» **INSTRUCTIONS FOR THE TASK**
Would you return exactly the lines running from the one with "After Eight embellished" to the bottom of the listing below, and no others?

» **DATA FOR THIS EXERCISE**
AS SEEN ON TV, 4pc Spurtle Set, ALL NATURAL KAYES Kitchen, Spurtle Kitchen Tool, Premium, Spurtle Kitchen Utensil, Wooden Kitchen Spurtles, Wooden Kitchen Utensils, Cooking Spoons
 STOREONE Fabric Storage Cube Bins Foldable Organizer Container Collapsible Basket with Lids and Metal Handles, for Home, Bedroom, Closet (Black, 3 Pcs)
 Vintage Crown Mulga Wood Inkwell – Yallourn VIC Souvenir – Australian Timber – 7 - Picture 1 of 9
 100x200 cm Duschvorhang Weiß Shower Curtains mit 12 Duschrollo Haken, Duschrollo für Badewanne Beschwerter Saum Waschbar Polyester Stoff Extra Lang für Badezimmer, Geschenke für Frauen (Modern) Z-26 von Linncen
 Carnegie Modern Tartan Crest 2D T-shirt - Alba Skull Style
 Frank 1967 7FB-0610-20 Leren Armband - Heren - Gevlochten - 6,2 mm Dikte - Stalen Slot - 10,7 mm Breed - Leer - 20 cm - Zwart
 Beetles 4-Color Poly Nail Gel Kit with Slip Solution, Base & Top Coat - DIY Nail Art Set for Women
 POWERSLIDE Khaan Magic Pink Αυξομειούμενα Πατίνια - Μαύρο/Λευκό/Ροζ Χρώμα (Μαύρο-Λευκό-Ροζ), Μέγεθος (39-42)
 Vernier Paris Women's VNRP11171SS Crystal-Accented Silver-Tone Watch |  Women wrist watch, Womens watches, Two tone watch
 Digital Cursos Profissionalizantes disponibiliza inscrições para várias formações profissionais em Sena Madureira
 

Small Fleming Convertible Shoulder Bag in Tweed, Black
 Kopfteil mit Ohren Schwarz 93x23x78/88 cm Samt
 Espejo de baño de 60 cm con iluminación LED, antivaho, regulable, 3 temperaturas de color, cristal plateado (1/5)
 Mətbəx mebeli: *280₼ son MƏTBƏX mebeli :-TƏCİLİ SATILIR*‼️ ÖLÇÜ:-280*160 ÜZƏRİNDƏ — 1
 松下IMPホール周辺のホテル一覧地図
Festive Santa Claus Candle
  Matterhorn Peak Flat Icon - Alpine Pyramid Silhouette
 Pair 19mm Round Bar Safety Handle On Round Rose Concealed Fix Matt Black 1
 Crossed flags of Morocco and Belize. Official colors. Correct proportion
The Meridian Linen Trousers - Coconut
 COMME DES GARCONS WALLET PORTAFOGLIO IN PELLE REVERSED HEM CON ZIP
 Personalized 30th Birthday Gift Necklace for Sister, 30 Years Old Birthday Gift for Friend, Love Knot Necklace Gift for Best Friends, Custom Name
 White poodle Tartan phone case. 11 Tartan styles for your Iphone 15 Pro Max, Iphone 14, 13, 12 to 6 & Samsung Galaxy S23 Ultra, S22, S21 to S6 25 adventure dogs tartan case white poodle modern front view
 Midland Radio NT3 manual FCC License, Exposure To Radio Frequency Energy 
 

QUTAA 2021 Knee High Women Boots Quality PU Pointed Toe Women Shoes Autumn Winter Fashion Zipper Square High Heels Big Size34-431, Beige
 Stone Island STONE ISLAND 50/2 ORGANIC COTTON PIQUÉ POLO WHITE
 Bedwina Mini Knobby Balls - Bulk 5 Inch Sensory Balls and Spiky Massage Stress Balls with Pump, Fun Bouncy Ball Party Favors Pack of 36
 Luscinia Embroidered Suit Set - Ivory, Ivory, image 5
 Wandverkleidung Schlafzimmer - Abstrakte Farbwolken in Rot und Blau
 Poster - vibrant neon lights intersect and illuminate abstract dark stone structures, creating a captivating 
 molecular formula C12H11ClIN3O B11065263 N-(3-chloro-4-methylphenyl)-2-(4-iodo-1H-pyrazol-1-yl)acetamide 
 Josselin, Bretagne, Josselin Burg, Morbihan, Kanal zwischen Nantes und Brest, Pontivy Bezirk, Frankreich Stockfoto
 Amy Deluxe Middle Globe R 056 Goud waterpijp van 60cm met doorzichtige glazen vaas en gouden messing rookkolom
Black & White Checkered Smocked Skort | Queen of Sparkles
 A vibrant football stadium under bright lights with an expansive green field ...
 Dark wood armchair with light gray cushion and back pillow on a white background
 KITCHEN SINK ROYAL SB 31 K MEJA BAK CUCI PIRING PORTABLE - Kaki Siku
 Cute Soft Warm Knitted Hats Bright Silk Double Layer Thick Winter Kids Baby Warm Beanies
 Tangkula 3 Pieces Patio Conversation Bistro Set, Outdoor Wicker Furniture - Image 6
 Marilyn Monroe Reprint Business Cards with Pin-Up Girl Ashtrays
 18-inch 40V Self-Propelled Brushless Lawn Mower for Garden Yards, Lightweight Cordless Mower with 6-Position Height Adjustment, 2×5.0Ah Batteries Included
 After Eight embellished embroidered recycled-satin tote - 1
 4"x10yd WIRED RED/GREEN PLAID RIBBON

» **SOLUTION TO THE EXERCISE**
 After Eight embellished embroidered recycled-satin tote - 1
 4"x10yd WIRED RED/GREEN PLAID RIBBON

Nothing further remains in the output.